種の保全と持続可能な利用の整合性:ITTO、CITES第20回締約国会議で支持を表明
2025年11月28日, サマルカンド
ワシントン条約およびメキシコのCONABIOが主催したサイドイベントにおいて、モハメド・ヌルディーン・イドリスITTO貿易産業部長は、ITTOの能力構築および保全の取組による「非常に高い補完性」が、CITESの種ごとの目的を強化していると述べました。 © Kanako Ishii/ITTO
国際熱帯木材機関(ITTO)のモハメド・ヌルディン・イドゥリス貿易産業部長は、ウズベキスタン・サマルカンドで開催された絶滅のおそれのある野生動植物の種の国際取引に関する条約(ワシントン条約、CITES)第20回締約国会議(COP20)において、ITTOとCITESの強固な協力の重要性を強調しました。
11月25日、イドゥリス氏はCITESおよびメキシコの生物多様性の知識と利用に関する国家委員会(CONABIO)が主催した「CITESと森林」イニシアティブに関するサイドイベントにITTO代表として出席しました。同イベントには、生物多様性条約(CBD)や国連食糧農業機関(FAO)を含む主要な多国間パートナーが参加し、CITESと森林関連機関との相乗効果を検討した学際的研究の成果について議論しました。s.
イドゥリス博士は発言の中で、同研究がITTOをCITESの取組と最も整合性を持つパートナーとして位置づけていると述べました。その理由として、ITTOが持続可能な森林経営、政策およびコンプライアンスの枠組、そして合法的で追跡可能かつ持続可能な熱帯木材貿易の支援に重点を置いている点を挙げました。同氏は「能力構築と保全の分野でも、非常に高い補完性を目にしてきました。」と述べ、「ITTOのアプローチは生態系に基づくものであり、CITESの種ごとの目的を強化しています。」と続けました。
同氏はまた、2007年から2016年に実施されたITTO–CITESプログラムを通じた長年の協力を紹介しました。同プログラムは、無害証明(NDF)の策定支援、木材識別の強化、コンプライアンスおよび市場の透明性の向上に寄与しました。
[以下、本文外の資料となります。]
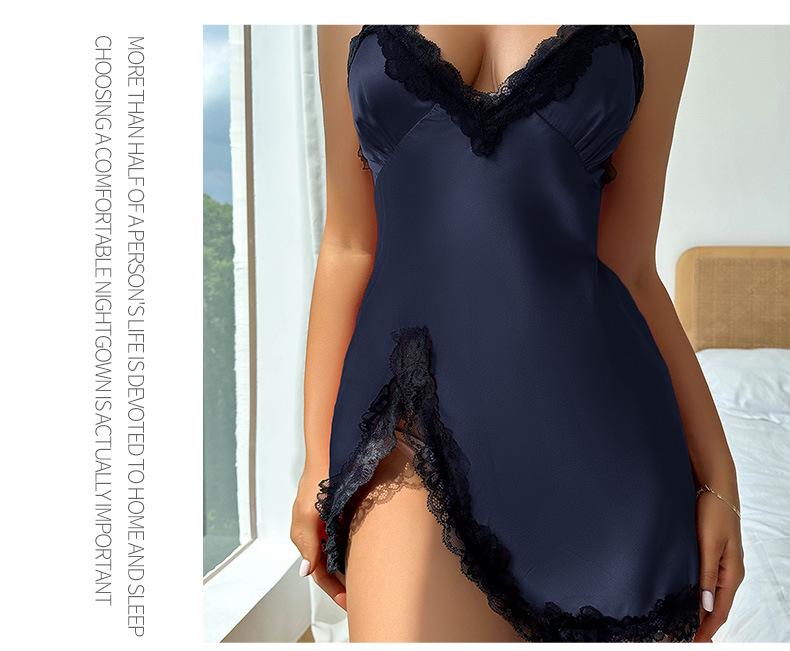 Женская пижама на тонких бретельках из искусственного шелка - Сексуальная и удобная летняя ночная сорочка, домашняя одежда в европейском и американском стиле.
さらに、2017年から2022年におけるCITES樹木種プログラムでのITTOの成功事例―森林ガバナンスの改善、農村地域の生計向上、CITES掲載種の取引が合法かつ持続可能であるよう保障することへの貢献―を紹介し、これらの成果はITTOの使命と完全に整合していると述べました。
イドゥリス博士は、ITTOがこの取組を継続し、特にCITES掲載の熱帯樹木種の持続可能な経営を支援する現在進行中のプロジェクトに関する進捗を、会期中および次回のCITES第21回締約国会議(COP21)で締約国に報告する予定であると述べました。
「ITTO加盟国は熱帯林の80%、熱帯林資源の貿易の90%を占めています。このことから、CITESとITTOは締約国に貢献するための自然な協力関係にあると言えます。」とイドゥリス博士は強調しました。
さらに同氏は、「樹木種の掲載が増加し続けている現状を踏まえ、CITESとITTOの協働継続のため、ドナーの皆様に引き続きご支援をお願い申し上げます。」と続けました。
熱帯樹木種に関する持続可能な意思決定の支援
コンゴ盆地諸国が提出した、アフリカン・パドーク(Pterocarpus soyauxii)をCITES附属書IIから削除するプロポーザル47に関する本会議での議論で、ITTOは、提案国の科学的根拠およびITTOが支援した研究成果を引用し、当該のプロポーザルを支持しました。提案は必要な3分の2の多数を得るには至りませんでしたが、ITTOはCITESの掲載および取引規制を形成するうえで健全な科学の重要性を強調しました。
ITTOは、貿易措置が十分な情報に基づき、均衡が取れ、持続可能な熱帯林の経営を支えるものとなるよう、COP20を通じて引き続き関与します。本会議の成果はITTOのプログラムに反映され、次回のCITESの運営機関会合に向けて、両者のパートナーシップは一層強化される予定です。